I TOLD THIS SMALL MAN: if I had a mule, a parachute and long, flowing locks, I would jump out of this plane, put you in my shopping cart and push you to Brazil where we would change our names, cut our hair, and join the local militia. After that, we would lead a small army of chickens to the sea and, after many days of floating, I would catch a small fish and name it Pavlov. Then we would all jump into the sea and swim until we reached the largest island in Europe, where we would start a mariachi band with my birth family and yours and the sun would set and we would all drink sugar water and go to sleep beneath a large curtain of black air.
Thanks to the author, I recently acquired a copy of Ethel Zine maven Sara Lefsyk’s full-length debut, We Are Hopelessly Small and Modern Birds (New York NY: Black Lawrence Press, 2018), a book-length suite of prose poems writing (according to Jeff Friedman’s back cover blurb) “a small ward in a hospital the size of a universe, Heidigger, Kant, a small man who speaks in parables, numerous messiahs, hundreds of birds and animals, a strange doctor and his son, birds that need watering, and ‘pharmacological pancakes.’” Going through my files, it is curious to realize that a selection of the poems included here appeared previously in her chapbook A SMALL MAN LOOKED AT ME (Little Red Leaves, 2014), a title I reviewed (and very much enjoyed) soon after it appeared.

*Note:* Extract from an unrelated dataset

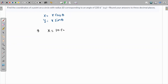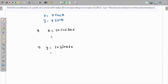r is 10, theta is 220 degrees, so x is 10 cosine of 220, and y is 10 sine of 220. I will find these values from the calculator — 10 times cosine of 220 — and remember that your calculator must be in degree mode, because the input is in terms of degrees.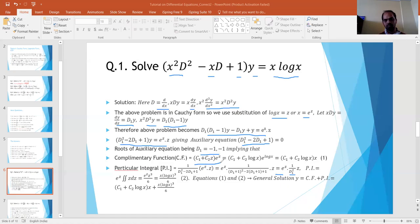So my complementary function is (c₁ + c₂z)·e^z. Back-substituting z = log(x) and e^z = x, I have (c₁ + c₂·log(x))·e^(log x). Since e^(log x) = x, the complementary function is (c₁ + c₂·log(x))·x.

The prose poems in We Are Hopelessly Small and Modern Birds are curiously built, with each stanza-block existing as a single breath, a single thought, composing a semi-ongoing narrative amid lyric bursts. Through a lyric of surreal narratives, Lefsyk’s poem offer a story that exists in a shimmering dream-state, shifting in and out of focus. “OCCASIONALLY,” she writes, to open a poem early on in the collection, “OUR APARTMENT COMPLEX floats out to sea. As it was, Kant and I had our noses somewhere in the distance. ‘Most likely there is no meaning in things,’ Kant says. ‘Or only in the ultimate logic of certain animal forms and avian noises.’ // For this reason my bones feel like the small broken bones of a very tiny goldfish.” Set in five sections with an opening salvo, a poem-as-dedication “for and after FEDERICO GARCİA LORCA,” her narrator speaks from a ward and of doctors, dentists, husbands and philosophers in poems composed out of a kind of easy-flowing, clear and liquid motion. As well, there is something interesting about the way she writes of the body and the self, the narrator writing from a perspective that verges on primal, seen through a surreal lens. “IF I WERE A WIFE and a mother I would be a wife and a mother.” she writes, mid-way through the collection. “All my children say: ‘Build me,’ but the son takes my pelvis and runs it through the supermarket. // I go into and out of this supermarket whenever I want.” After having gone through this collection, I’m genuinely curious to find out what she’s been working on since.
IF THEY WERE COUNTING us all they were counting us all like they did yesterday only this time they would miss me in the numbers today.
Then they would force us onto our feet and we would pray for there not to be ropes and if there were ropes we would pray.
Arrange yourself.
The dr. himself would kneel before us and stick things places i can’t even talk about
and we won’t even cry a little about it.
They found my t-shirt but not me in it in the prayer room. They found my silence and my t-shirt and i did pray.
Bless me, they found my whole body in some dentist’s apartment and rotated it until they found its brilliance.
My upper jaw cit into my pelvis and i became some good factory.